Question

# In the given figure, $MGN$ is a triangle and $MP$ is perpendicular to $GN$. If $MG = a$ units, $MN = b$ units, $GP = c$ units and $PN = d$ units, prove that $\dfrac{{(a - b)}}{{(c - d)}} = \dfrac{{(c + d)}}{{(a + b)}}.$

In the given figure, $\Delta GMP$ is a right angled triangle. So using Pythagoras theorem, we’ll get:
${(MP)^2} + {c^2} = {a^2}, \\ \Rightarrow {(MP)^2} = {a^2} - {c^2} .....(i) \\$
$\Delta MNP$ is also a right angled triangle.

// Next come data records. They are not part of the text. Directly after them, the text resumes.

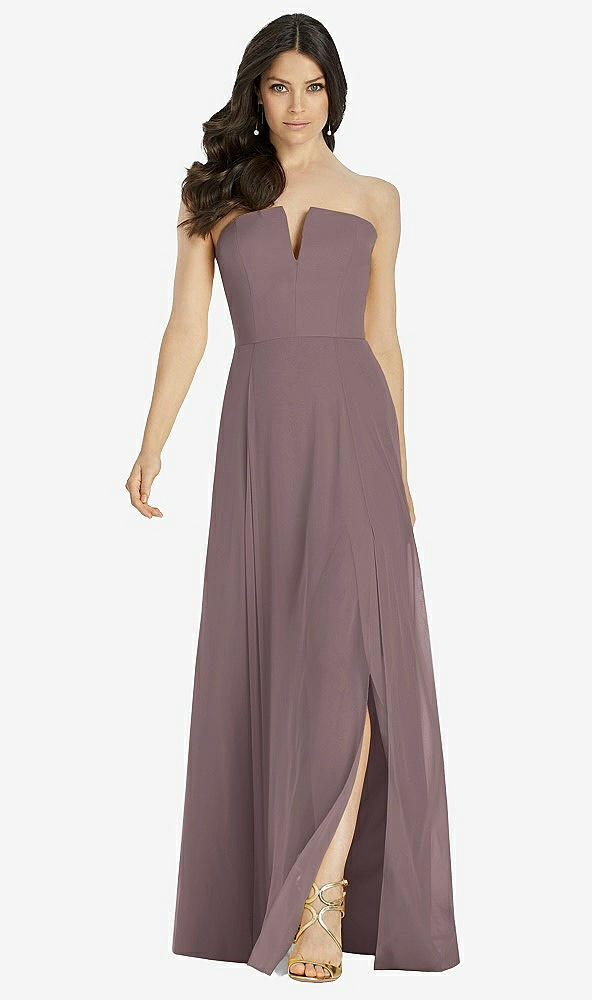 【STYLE: 3041】Strapless Notch Chiffon Maxi Dress【COLOR: French Truffle】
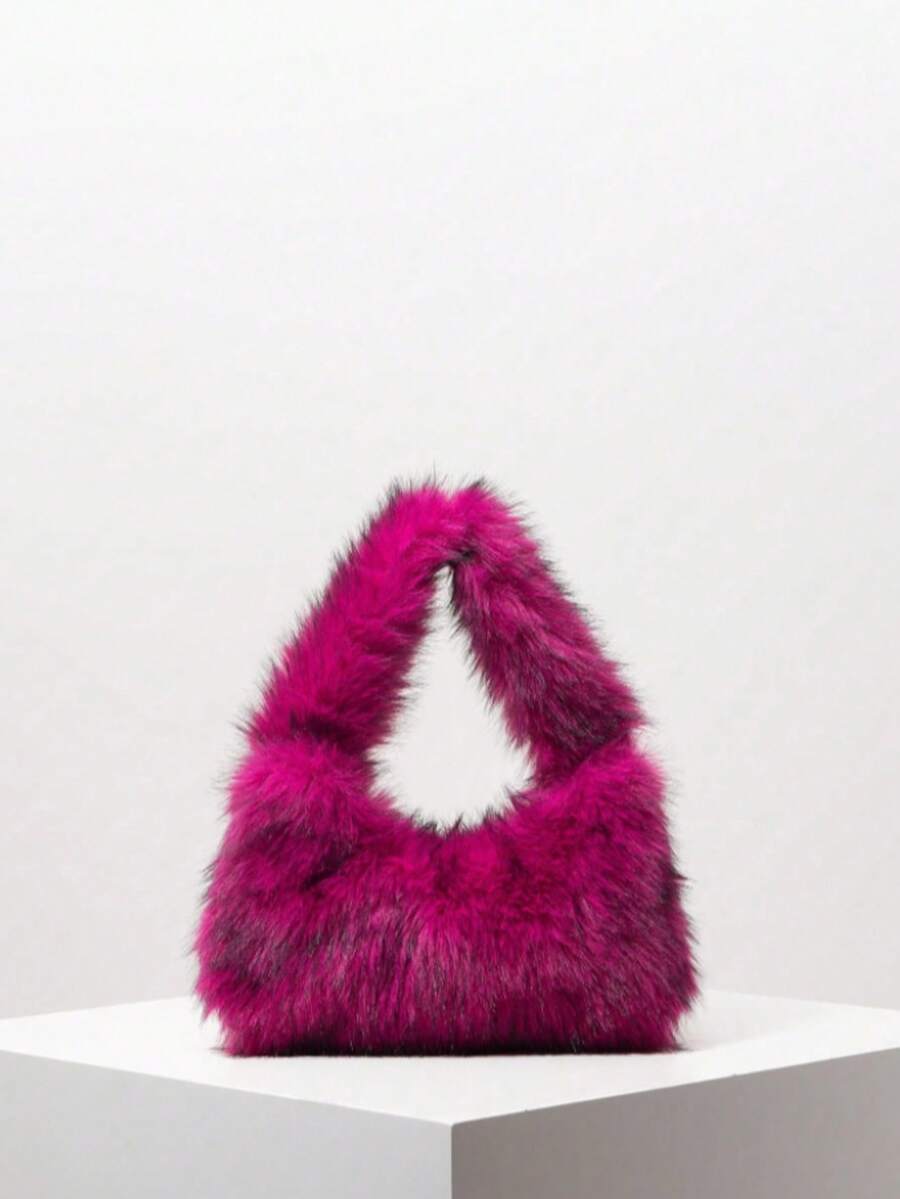 Solid Fluffy Soft Candy Color Satchel Bag, Y2K Style Faux Fur Tote Bags For Ladies, Party Bag, Party Dresses For Women, Winter Fur Purse, Suitable For Commuting, Work, Gatherings, Parties, Perfectly Matching With Fall Outfits Womenfall Clothes For Women, New Arrival Fur Bag For Women - Màu hồng đậm - Xem 1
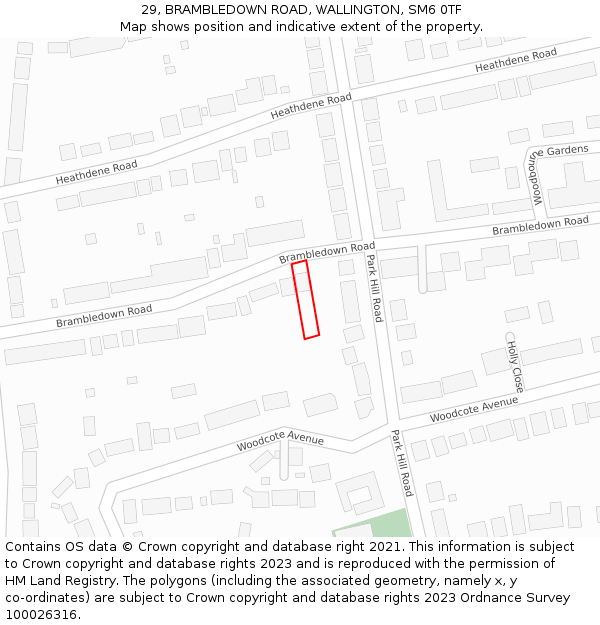 29, BRAMBLEDOWN ROAD, WALLINGTON, SM6 0TF: Location map and indicative extent of plot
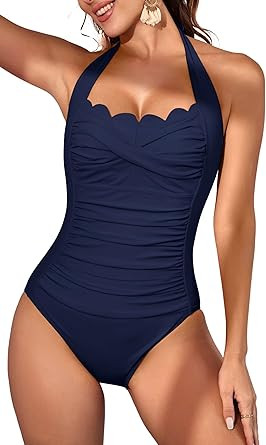 Eomenie Women One Piece Tummy Control Swimsuit Halter Scallop Trim Bathing Suits 1 Piece Vintage ... | Amazon (US)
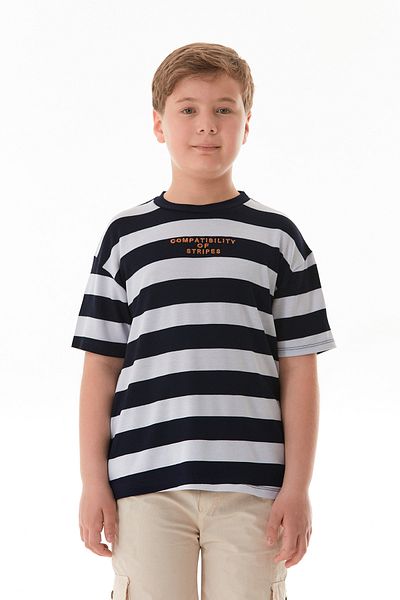 Fulla Moda Striped Text Embroidered Boy's T-Shirt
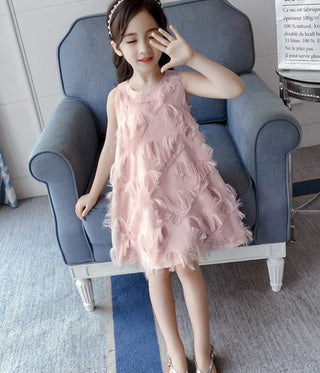 Buy pink Girls Feather Love Dress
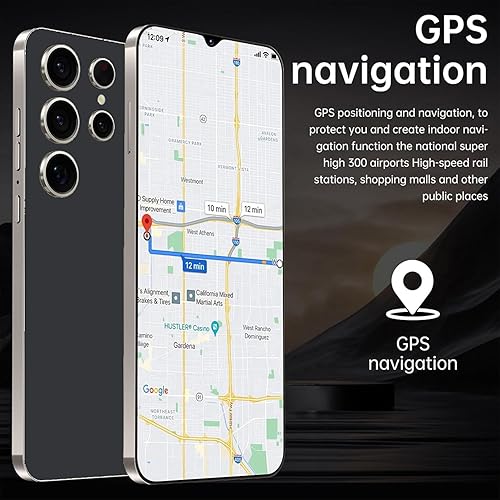 Vista 6 de i24 5G Smartphone Android desbloqueado - Pantalla HD+ de 6.3", cámara de 48MP, batería de 6800mAh, SIM dual, desbloqueo facial, GPS, 4GB/64GB y biack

So using Pythagoras theorem again, we’ll get:
${(MP)^2} + {d^2} = {b^2}, \\ \Rightarrow {(MP)^2} = {b^2} - {d^2} .....(ii) \\$
From equation $(i)$ and $(ii)$, we have:
$\Rightarrow {a^2} - {c^2} = {b^2} - {d^2}, \\ \Rightarrow {a^2} - {b^2} = {c^2} - {d^2}, \\ \Rightarrow (a + b)(a - b) = (c + d)(c - d), \\ \Rightarrow \dfrac{{(a - b)}}{{(c - d)}} = \dfrac{{(c + d)}}{{(a + b)}}. \\$